How long after the interview do they send you to take drug test ? I don’t do drugs but I drink, might sound silly but do they check for alcohol ?


----------



## Wirenuting (Sep 12, 2010)

A breathalyzer works for booze.


----------



## MotoGP1199 (Aug 11, 2014)

If they tested for alcohol no painters would be allowed to work


----------



## Switched (Dec 23, 2012)

MotoGP1199 said:


> If they tested for alcohol no painters would be allowed to work


I was told I wouldn’t reach contractor status until I was a divorced alcoholic.

Seems to be the norm from my experience with too many contractors. My belief is it stems from not charging energy ugh to cover your expenses, pay yourself a salary, and make a profit.

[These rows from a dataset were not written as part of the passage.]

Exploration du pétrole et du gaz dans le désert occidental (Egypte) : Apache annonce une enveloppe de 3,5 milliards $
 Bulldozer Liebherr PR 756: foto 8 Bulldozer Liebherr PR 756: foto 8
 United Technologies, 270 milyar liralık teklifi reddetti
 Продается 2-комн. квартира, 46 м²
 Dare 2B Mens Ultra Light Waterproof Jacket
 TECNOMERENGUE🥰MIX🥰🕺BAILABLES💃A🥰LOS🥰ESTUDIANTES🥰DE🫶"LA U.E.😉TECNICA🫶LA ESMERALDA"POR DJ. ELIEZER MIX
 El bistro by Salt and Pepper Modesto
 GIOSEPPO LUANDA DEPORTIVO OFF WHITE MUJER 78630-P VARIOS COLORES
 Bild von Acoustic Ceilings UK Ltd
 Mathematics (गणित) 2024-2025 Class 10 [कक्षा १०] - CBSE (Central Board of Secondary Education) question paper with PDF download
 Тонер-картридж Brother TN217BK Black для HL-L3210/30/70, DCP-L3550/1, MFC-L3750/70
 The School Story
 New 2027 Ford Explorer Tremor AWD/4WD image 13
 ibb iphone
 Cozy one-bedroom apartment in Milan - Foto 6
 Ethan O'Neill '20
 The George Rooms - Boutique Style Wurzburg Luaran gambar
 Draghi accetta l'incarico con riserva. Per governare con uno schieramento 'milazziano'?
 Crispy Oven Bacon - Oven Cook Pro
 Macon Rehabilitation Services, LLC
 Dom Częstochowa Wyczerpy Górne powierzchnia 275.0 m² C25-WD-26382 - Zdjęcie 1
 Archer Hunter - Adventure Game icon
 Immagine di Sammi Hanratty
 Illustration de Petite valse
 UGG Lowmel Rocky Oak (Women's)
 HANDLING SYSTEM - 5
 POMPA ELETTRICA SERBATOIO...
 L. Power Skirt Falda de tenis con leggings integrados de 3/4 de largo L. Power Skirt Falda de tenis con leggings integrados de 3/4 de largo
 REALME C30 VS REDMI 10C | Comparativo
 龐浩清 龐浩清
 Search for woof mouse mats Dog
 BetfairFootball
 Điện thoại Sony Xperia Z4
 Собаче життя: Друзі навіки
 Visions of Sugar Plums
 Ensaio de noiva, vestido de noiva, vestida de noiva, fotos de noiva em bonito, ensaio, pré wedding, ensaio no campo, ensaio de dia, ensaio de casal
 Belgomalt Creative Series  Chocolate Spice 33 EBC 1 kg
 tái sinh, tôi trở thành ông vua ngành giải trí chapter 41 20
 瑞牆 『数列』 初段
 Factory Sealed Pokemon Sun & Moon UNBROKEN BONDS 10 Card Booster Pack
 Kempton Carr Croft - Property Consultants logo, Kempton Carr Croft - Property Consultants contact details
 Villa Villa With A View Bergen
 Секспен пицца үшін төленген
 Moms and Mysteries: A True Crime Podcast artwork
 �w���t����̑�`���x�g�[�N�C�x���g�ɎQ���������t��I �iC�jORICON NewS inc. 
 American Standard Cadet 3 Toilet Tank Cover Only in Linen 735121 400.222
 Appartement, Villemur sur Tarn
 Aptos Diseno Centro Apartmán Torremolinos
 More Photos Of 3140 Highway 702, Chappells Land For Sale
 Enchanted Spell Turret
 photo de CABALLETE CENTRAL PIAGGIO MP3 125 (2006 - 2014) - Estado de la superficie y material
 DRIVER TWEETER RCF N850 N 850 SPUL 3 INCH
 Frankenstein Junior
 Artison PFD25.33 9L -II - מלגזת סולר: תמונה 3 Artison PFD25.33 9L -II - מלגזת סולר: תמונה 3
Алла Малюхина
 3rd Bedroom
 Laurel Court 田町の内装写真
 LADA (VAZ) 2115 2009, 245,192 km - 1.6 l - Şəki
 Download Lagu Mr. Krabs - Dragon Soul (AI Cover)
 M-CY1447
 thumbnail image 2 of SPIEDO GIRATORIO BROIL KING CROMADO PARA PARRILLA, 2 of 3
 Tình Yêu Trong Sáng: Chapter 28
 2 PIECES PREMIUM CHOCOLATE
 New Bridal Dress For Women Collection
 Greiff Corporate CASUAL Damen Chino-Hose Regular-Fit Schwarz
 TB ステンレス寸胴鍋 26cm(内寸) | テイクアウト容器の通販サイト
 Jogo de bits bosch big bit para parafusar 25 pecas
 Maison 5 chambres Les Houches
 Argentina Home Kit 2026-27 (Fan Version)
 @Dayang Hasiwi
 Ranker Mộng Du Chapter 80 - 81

if all is ****... might as well drink the day away!


----------



## brian john (Mar 11, 2007)

If you are an apprentice and you are worried about how your drinking habits might affect your chances of a job, it is time to quit drinking. A waste of money, not good for your health, and a DUI can end a career.


----------



## John Valdes (May 17, 2007)

Good question. I do not know if the local does a urine screen for alcohol, but there is one and it can be quite sensitive.
I was reading somewhere that some alcohol screens can detect alcohol use for up to a month!
I was very surprised. Had no idea they had a test like this.

Alcohol is legal and should be no reason for job discrimination. Now testing for alcohol on the job is something I support as this is the last place anyone should be drinking or using drugs.
If you do not take drugs I can see no reason you would fail a pre-emplyment drug screen.


----------